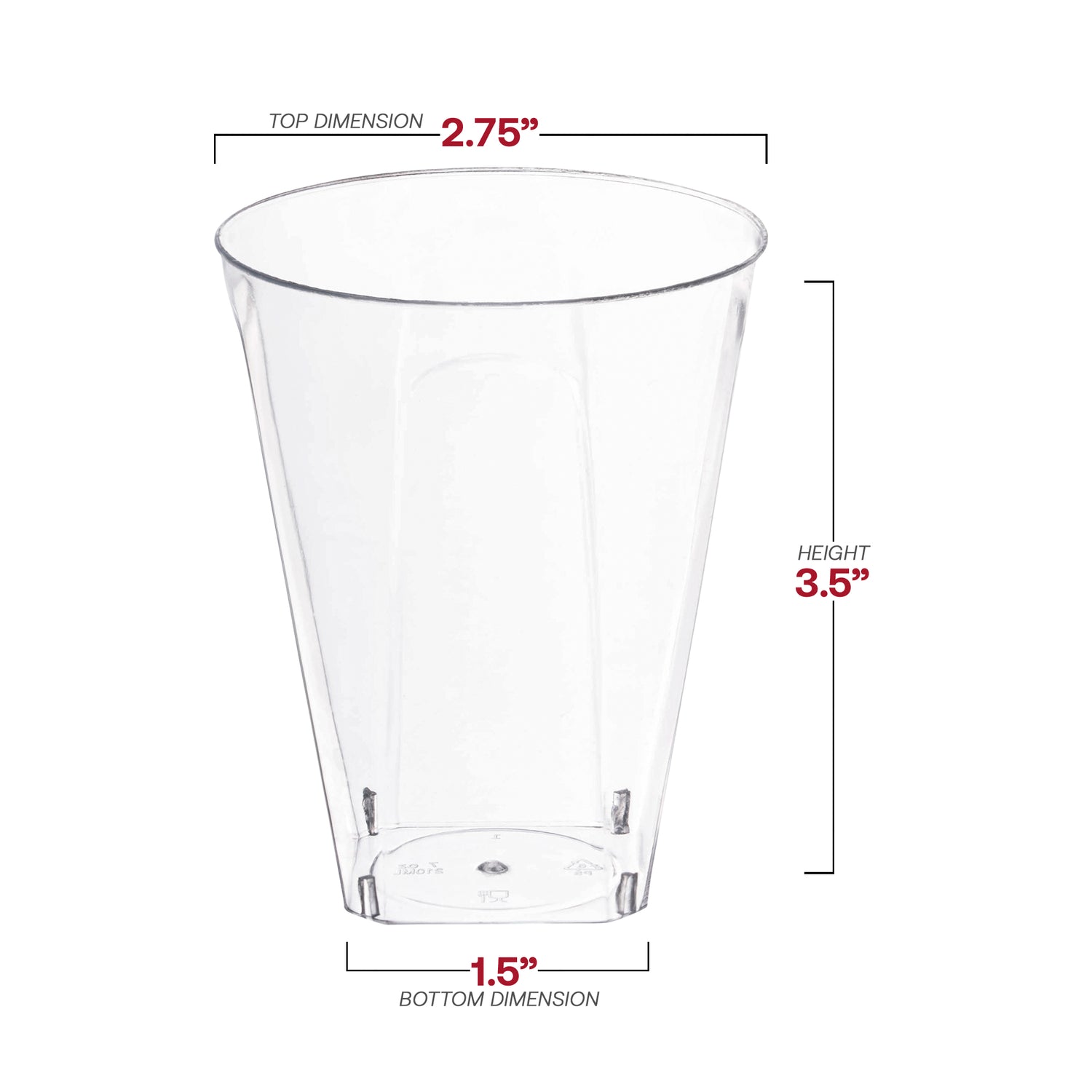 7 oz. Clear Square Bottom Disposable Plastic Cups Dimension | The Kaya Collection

##########

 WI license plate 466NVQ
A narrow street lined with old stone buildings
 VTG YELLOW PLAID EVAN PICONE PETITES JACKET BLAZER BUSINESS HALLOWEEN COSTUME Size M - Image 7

##########

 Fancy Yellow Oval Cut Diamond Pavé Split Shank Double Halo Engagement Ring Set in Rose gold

##########

**ACTIVITY:** Using the records above, set down exactly the lines from the one with "A narrow street" through the one with "VTG YELLOW PLAID", inclusive, and nothing more.

**EXERCISE RESULT:**
A narrow street lined with old stone buildings
 VTG YELLOW PLAID EVAN PICONE PETITES JACKET BLAZER BUSINESS HALLOWEEN COSTUME Size M - Image 7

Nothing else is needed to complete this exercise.